Under pressure from Congress in 2001, some of the world’s largest chocolatiers — including Nestlé, Hershey and Mars — pledged to eradicate “the worst forms of child labor” from their sources in West Africa, the world’s most important supply. Since then, however, the firms have missed deadlines to eliminate child labor in 2005, 2008 and 2010.
Each time, they have promised to do better, but the new report indicates that the incidence of child labor in West African cocoa production has risen.
A Washington Post investigation of the use of child labor in the cocoa industry found that representatives of some of the biggest and best-known brands could not guarantee that any of their chocolate was produced without child labor. One reason is that 20 years after pledging to eradicate the practice, chocolate companies still could not identify the farms where all their cocoa comes from, let alone whether child labor was used in producing it.
The prevalence of child labor among agricultural households in cocoa-growing areas of Ivory Coast and Ghana, the two primary suppliers, increased from 31 percent to 45 percent between 2008 and 2019, according to the Labor Department survey conducted by NORC at the University of Chicago.

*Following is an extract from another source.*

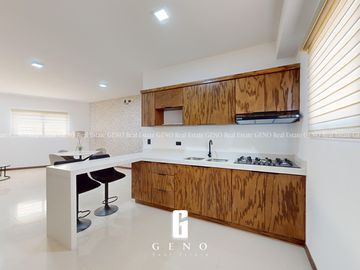 DEPARTAMENTO EN VENTA EN ZONA CENTRO EXCELENTE UBICACIÓN Y TERRAZA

Nearly 1.6 million children were engaged in child labor in cocoa production, according to the survey, and most of those were involved in tasks considered hazardous, such as wielding machetes, carrying heavy loads or working with pesticides. Because of changes in methodology, the number of child laborers in the new survey is not comparable with that of the first survey, researchers said. The surveyors defined child laborers as those children working below the age of 12, or children between 12 and 18 years old who work beyond allowable hours, or any children taking part in hazardous tasks.
“As this report shows, there are today still too many children in cocoa farming doing work for which they are too young, or work that endangers them,” according to a statement from Richard Scobey, president of the World Cocoa Foundation, an industry group representing companies handling about 80 percent of the world’s cocoa supply chain.
In addressing the report, Scobey identified no industry failures. Instead, he suggested that the goals for reducing child labor may have been too lofty.
The targets “were set without fully understanding the complexity and scale of a challenge heavily associated with poverty in rural Africa,” he said in his statement.
“Companies alone cannot solve the problem,” he said, noting also that cocoa production has increased.
Several nonprofit groups blame the companies, however, for falling far short of the responsibilities they assumed under their pledge in 2001. They question how an industry that rings up an estimated $103 billion in annual sales could have made so little, if any, progress over 20 years.
In December, the Supreme Court is expected to hear arguments in a case against Nestlé and Cargill involving a group of Malians who say that as adolescents, they were forced to work on Ivory Coast cocoa farms.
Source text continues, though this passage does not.